Purtroppo non basta l’eccellente fotografia, a cui pure il film è dedicato perché Hanna diventerà una brava fotografa e in questo troverà la sua liberazione di donna.

Per far belle foto di posti così suggestivi oggi basterebbe un buon cellulare, dunque la fotografia in un film deve fare altro, arricchire la storia da buona compagna di strada e alla colonna sonora non bastano due Notturni di Chopin suonati al piano da Isa per far godere le platee.

I protagonisti sono tutti vittime di un didascalismo spinto, ognuno nella sua brava casella a dirci chiaro quello che vuol dire, ma poi cosa?

Nudismo, dieta vegana (“non mi ciberei mai di cadaveri”) esposizione dei genitali al sole, amore libero (da che? mistero), strategie innovative di cura dei mali della mente e dell’animo (con buona pace del dottor Freud che lì non mise mai piede), vita spartana per non dire monacale, danze intorno al fuoco con orribili urla gutturali di gioia e libertà, tutto questo, decontestualizzato, diventa un teatrino di cui, bisogna dirlo, Hanna si rende confusamente conto quando definisce “ciarlatano” il bel dottorino Gross, uno sciupafemmene per di più drogato, che l’ha spinta a venire a curarsi lì l’asma psicosomatica.

In definitiva, come già detto, un’occasione sprecata.

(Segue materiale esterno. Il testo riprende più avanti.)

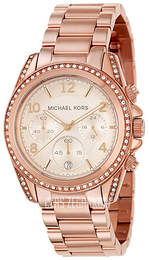 Michael Kors Blair Srebrny/Stal w kolorze różowego złota Ø23 mm MK5522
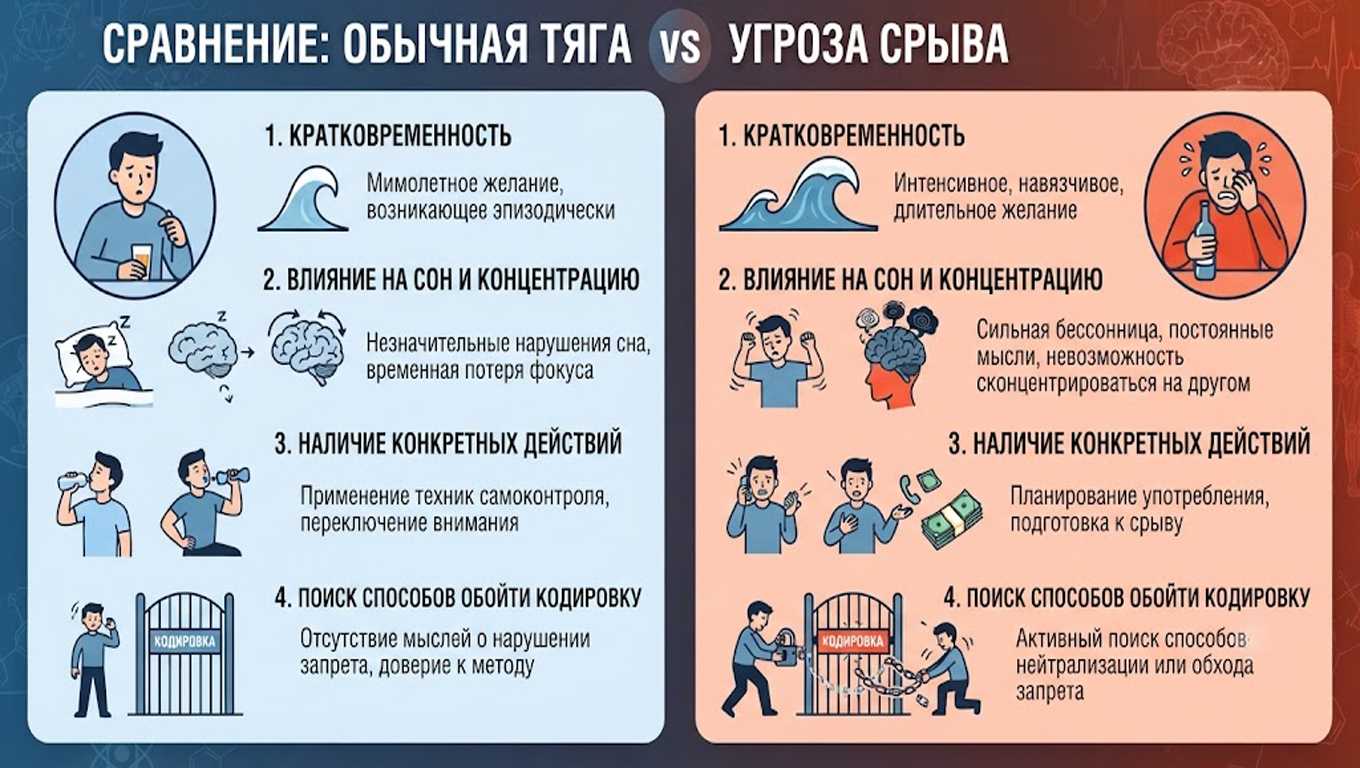 Инфографика сравнения: обычная тяга против угрозы срыва. Сравнение по параметрам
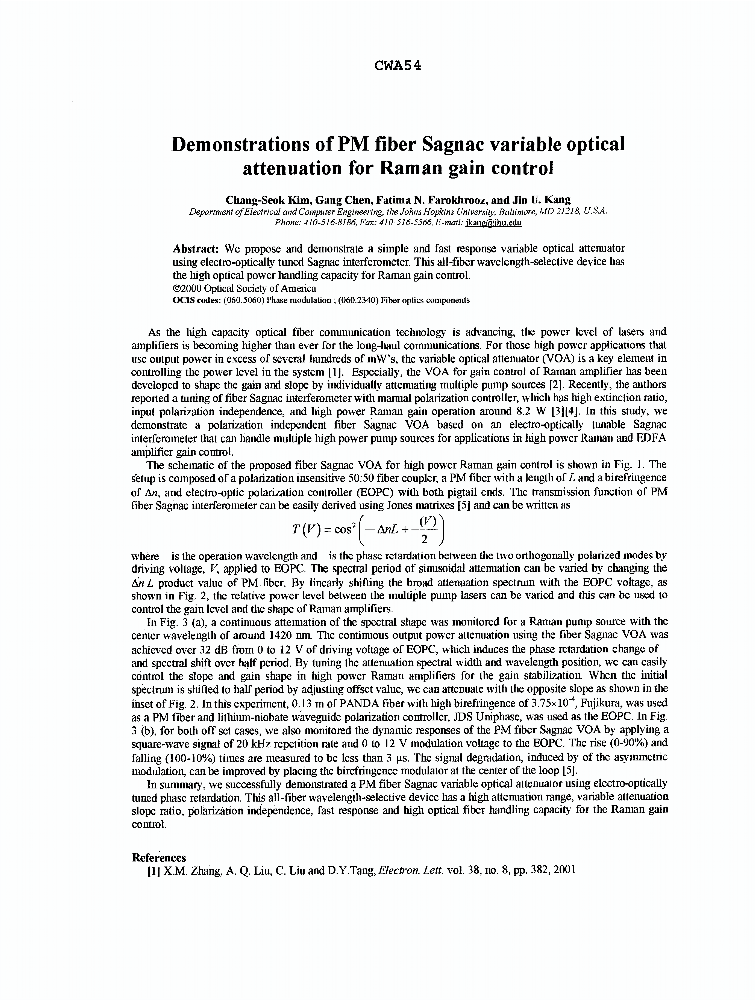 Demonstrations of PM fiber Sagnac variable optical attenuation for Raman gain control IEEE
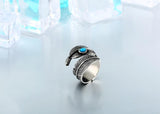 Feather Opening Ring With Stone - ProudThunderbird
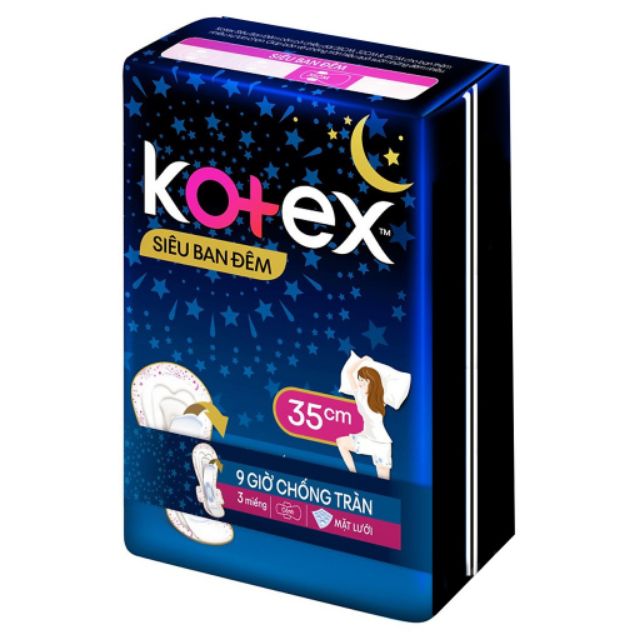 Gói 3 miếng Băng vệ sinh Kotex siêu ban đêm siêu mỏng cánh 35 cm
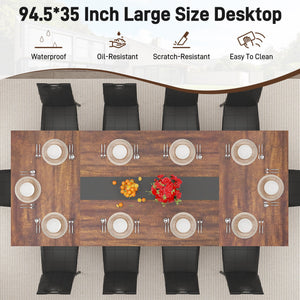 7-Piece Dining Table Set with 6 Upholstered Chairs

La storia di Monte Verità, lo sguardo sulle costrizioni a cui la donna della buona borghesia era soggetta, i grandi nomi che frequentarono il posto, tutto avrebbe dato adito ad una bella ricostruzione documentaria nutrita da fiction che non guasta mai.

 

Bisognava pensare che esiste anche quello che si chiama popolo minuto, che appare appena nella piazzetta del paese, pensare che il mondo non finiva lì, che i grandi che lo frequentarono non erano alieni imbevuti solo di ideali estetizzanti.

Bisognava dare a quel posto l’anima che ha avuto davvero, parlare di Utopia come di un regno auspicato, forse possibile, a patto di non dimenticare la realtà.

Non è avvenuto e resta solo il desiderio di fare un giro turistico in posti tanto belli. Ma per questo basta un buon tour operator.